*Work task*:
An exact copy is all that is wanted: the lines from the one with "Next to the" through the end of the listing below, both included, minus any pictures.

*Collected material*:
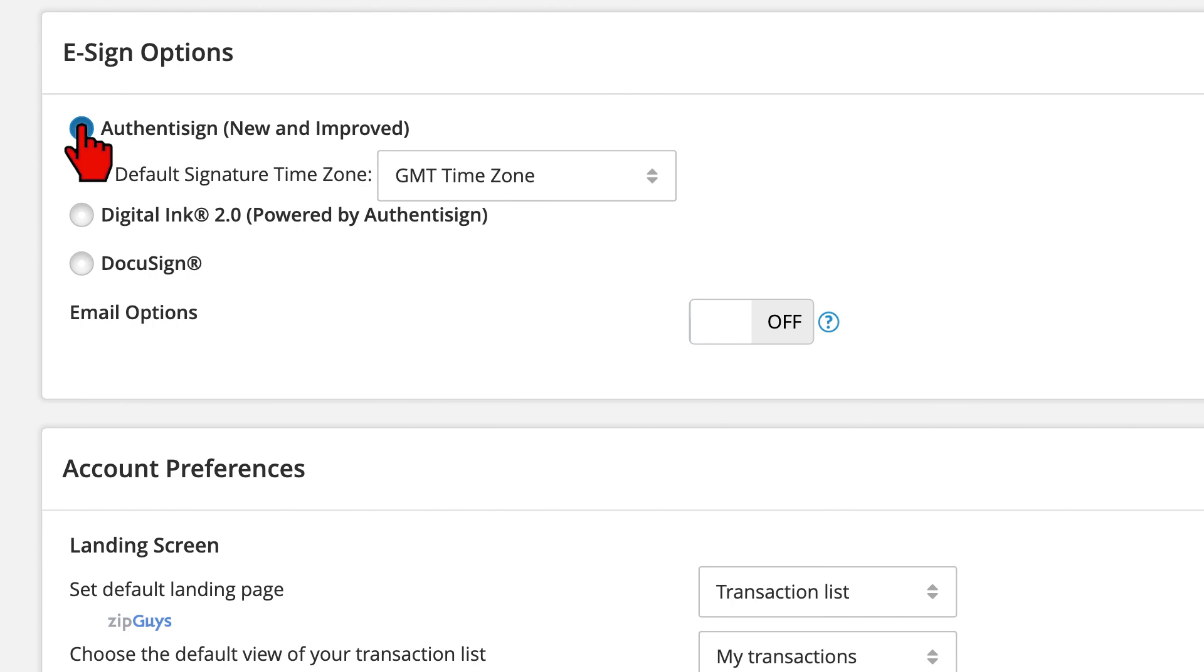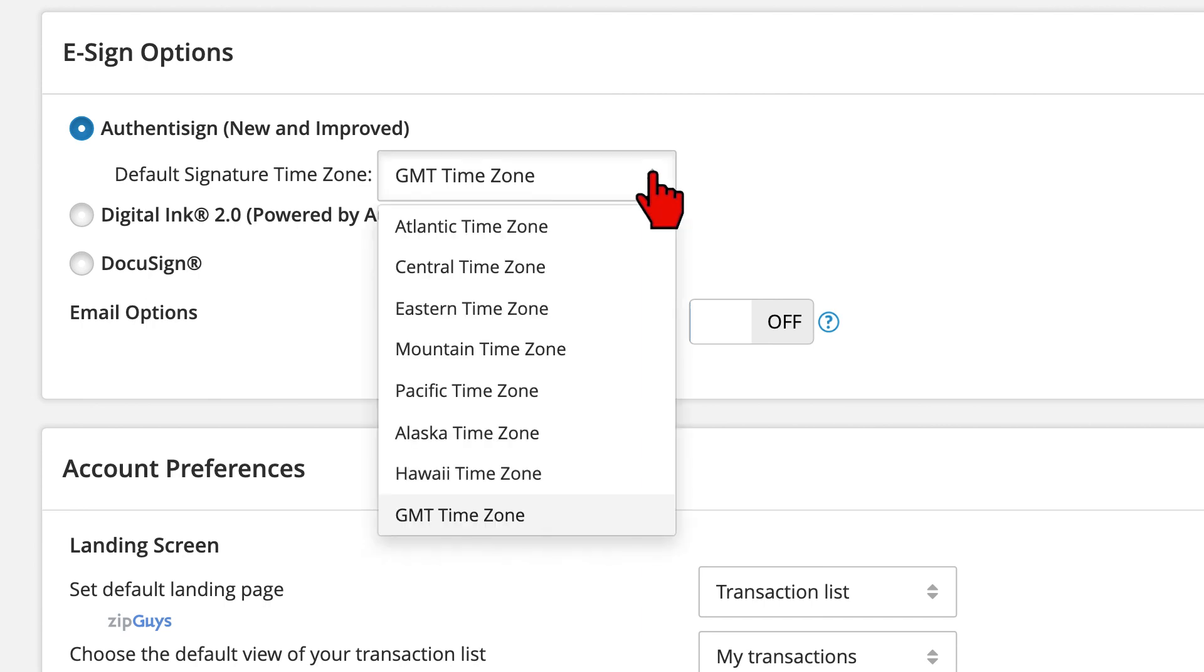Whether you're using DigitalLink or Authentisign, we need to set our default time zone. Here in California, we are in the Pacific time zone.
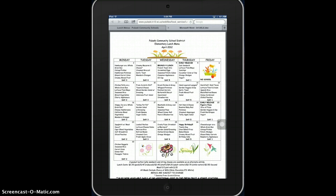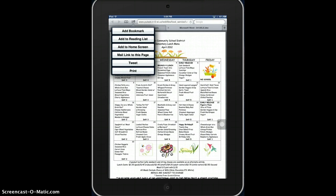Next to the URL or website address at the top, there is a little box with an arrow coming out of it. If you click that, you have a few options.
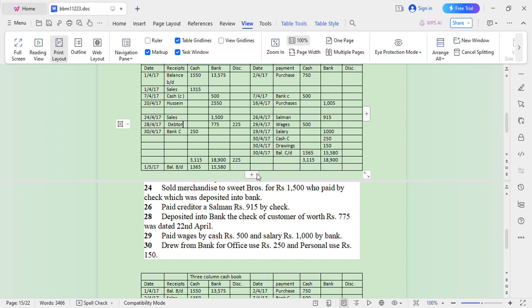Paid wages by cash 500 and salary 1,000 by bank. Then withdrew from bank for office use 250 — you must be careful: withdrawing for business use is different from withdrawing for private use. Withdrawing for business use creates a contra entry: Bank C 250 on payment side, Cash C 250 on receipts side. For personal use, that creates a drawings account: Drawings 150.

*Result*:
Next to the URL or website address at the top, there is a little box with an arrow coming out of it. If you click that, you have a few options.
Paid wages by cash 500 and salary 1,000 by bank. Then withdrew from bank for office use 250 — you must be careful: withdrawing for business use is different from withdrawing for private use. Withdrawing for business use creates a contra entry: Bank C 250 on payment side, Cash C 250 on receipts side. For personal use, that creates a drawings account: Drawings 150.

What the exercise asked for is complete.